YUDE-ZEV
NOFEKH (ca. 1840-ca. 1921)
He was born in the Minsk region of
Byelorussia. He studied in religious
elementary school and yeshivas. As a
young man he became a follower of the Jewish Enlightenment. In the middle of the 1860s, he left for
Vilna, entered a rabbinical seminary, became infected with the ideas of
socialism, and moved close to the circle of Arn Zundelevitsh and A. Sh.
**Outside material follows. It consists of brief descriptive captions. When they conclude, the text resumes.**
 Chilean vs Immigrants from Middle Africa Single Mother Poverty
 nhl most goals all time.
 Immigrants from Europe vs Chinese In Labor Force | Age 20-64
Liberman. He left the fifth class at the
seminary, departed for Minsk, and gave lessons in Russian and arithmetic. When in the late 1860s the tradesmen school
for Jewish children was founded in Minsk, Nohekh was hired as a teacher and
later made administrator of the school.
He transformed it into one of the best craftsmen’s school in all of
Russia. In Minsk, Nofekh also developed intensive
socialist work campaigning for socialism in a surreptitious manner through his “Minsk
letters” in Rodkinzon’s Kol leam
(Call to the people). His approach was to
pretend to be a preacher, and he would read ideas about historical materialism,
labor and capital, individual freedom, and the like into the Torah portion of
the week. In the early 1880s, after the
pogroms in southern Russia, he became an active “lover of Zion” and led a
campaign for settlement in the land of Israel.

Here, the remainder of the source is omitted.